The Data Offset field contains the offset (the number of bytes) from the beginning of the packet to the beginning of the Data field.

The Reserved field is not currently used and, hence, is always set to 0; it is there for possible future use.

The Flag fields are 1-bit fields that are used to send connection-state information between the two TCP processors. Since connection processes are quite technical, we will not go into the details of these flags in this lesson, aside from the already mentioned ACK flag.

The Window field is needed because TCP uses what is called a "sliding-window" process for sending packets. In theory, the simplest way to send the packets making up a message would be for the transmitting TCP processor to send the first packet, wait for the receiving processor to acknowledge it, then send the second packet, wait for it to be acknowledged, and so on.
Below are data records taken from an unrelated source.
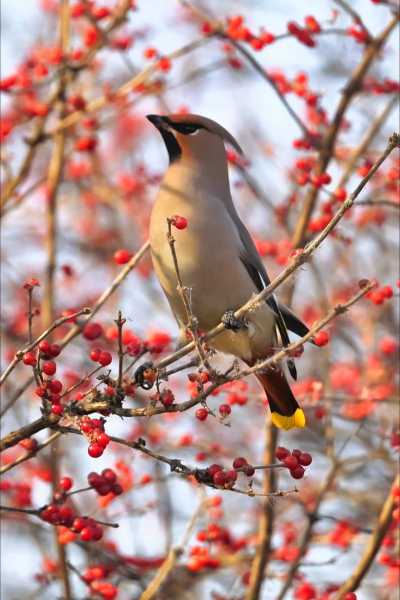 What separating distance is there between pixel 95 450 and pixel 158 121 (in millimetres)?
1642

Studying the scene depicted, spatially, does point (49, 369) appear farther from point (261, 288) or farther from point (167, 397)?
point (261, 288)

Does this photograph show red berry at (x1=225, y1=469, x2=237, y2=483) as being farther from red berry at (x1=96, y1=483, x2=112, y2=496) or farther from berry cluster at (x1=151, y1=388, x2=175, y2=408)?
red berry at (x1=96, y1=483, x2=112, y2=496)

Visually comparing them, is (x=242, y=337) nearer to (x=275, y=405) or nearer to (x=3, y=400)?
(x=275, y=405)

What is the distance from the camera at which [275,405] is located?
3432mm

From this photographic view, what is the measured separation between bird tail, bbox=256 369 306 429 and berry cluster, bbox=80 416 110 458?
1192 millimetres

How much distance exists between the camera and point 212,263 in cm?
336

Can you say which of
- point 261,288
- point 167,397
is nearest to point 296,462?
point 167,397

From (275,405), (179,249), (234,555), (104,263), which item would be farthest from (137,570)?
(104,263)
Furthermore, if the first packet was not acknowledged within a reasonable period of time, the transmitting processor would send it again, and once again await acknowledgment of it from the receiving processor. In practice, this simplest way would take an intolerably long time, and the sliding-window process is used instead.

In the sliding-window process, the transmitting processor sends several packets before awaiting acknowledgment of any of them, and the receiving processor acknowledges several packets at a time by sending to the transmitter the relative byte position of the last byte of the message that it has received successfully. The number of packets to be sent before the wait for acknowledgment is set dynamically; i.e., it can change from time to time depending on network conditions. Essentially what happens is that if the transmitting TCP processor is told by the receiving process that several successive groups of a given number of packets have been received successfully, the transmitting processor will conclude that network conditions are good and will decide to increase the number of packets per group. If, on the other hand, the receiving processor reports difficulties in successful reception, the transmitting processor will conclude that network conditions are poor and will decrease the number of packets per group. In either case, the transmitting processor will communicate its decision to the receiving processor via the entry in the Window field.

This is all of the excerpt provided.